About this task:
Write out every line below again exactly as it stands, skipping each image.

Exercise data:
:::

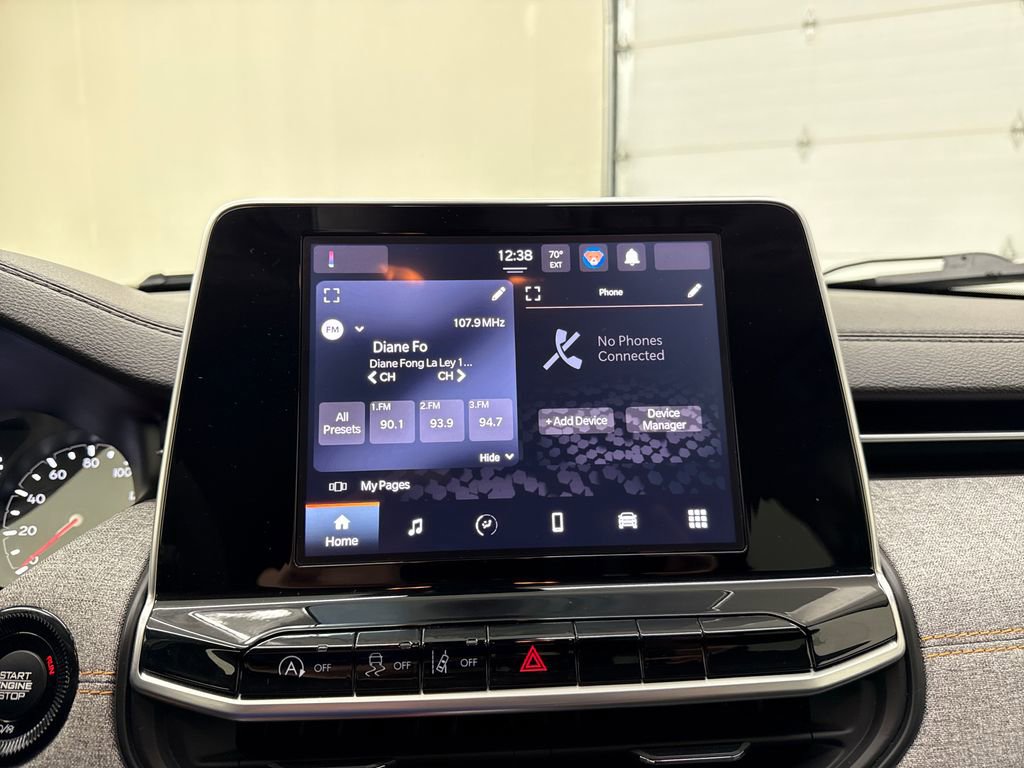 Used 2022 Jeep Compass Sport AWD/4WD image 17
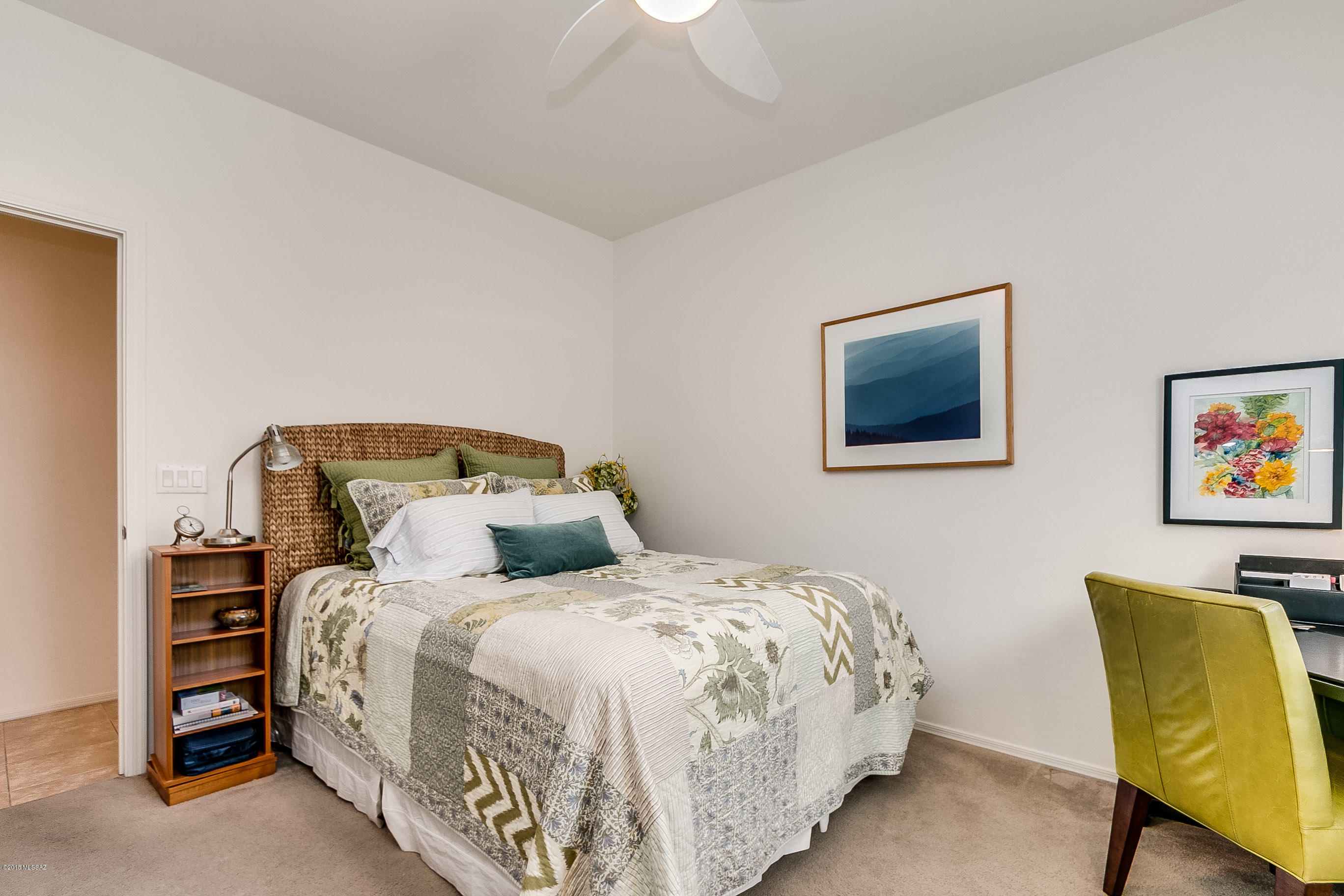 1334 W Via Cerro Colorado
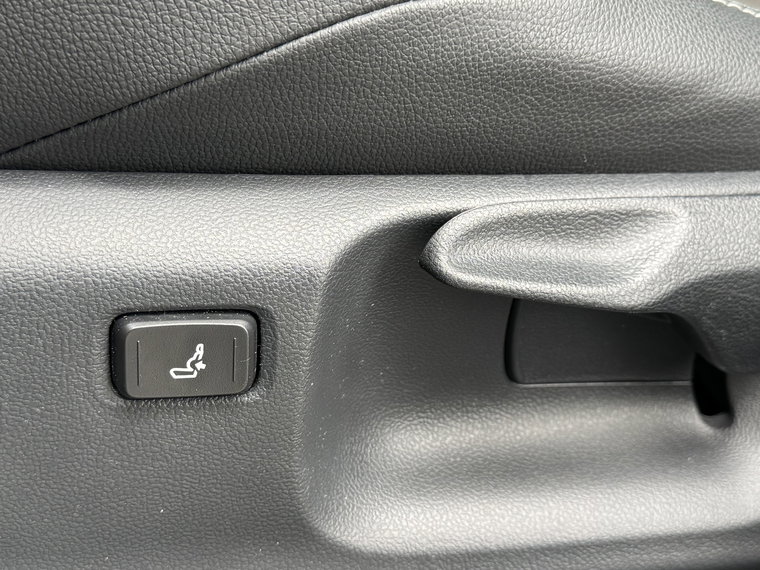 Vehicle Image 37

:::

Result of this exercise:
 Used 2022 Jeep Compass Sport AWD/4WD image 17
 1334 W Via Cerro Colorado
 Vehicle Image 37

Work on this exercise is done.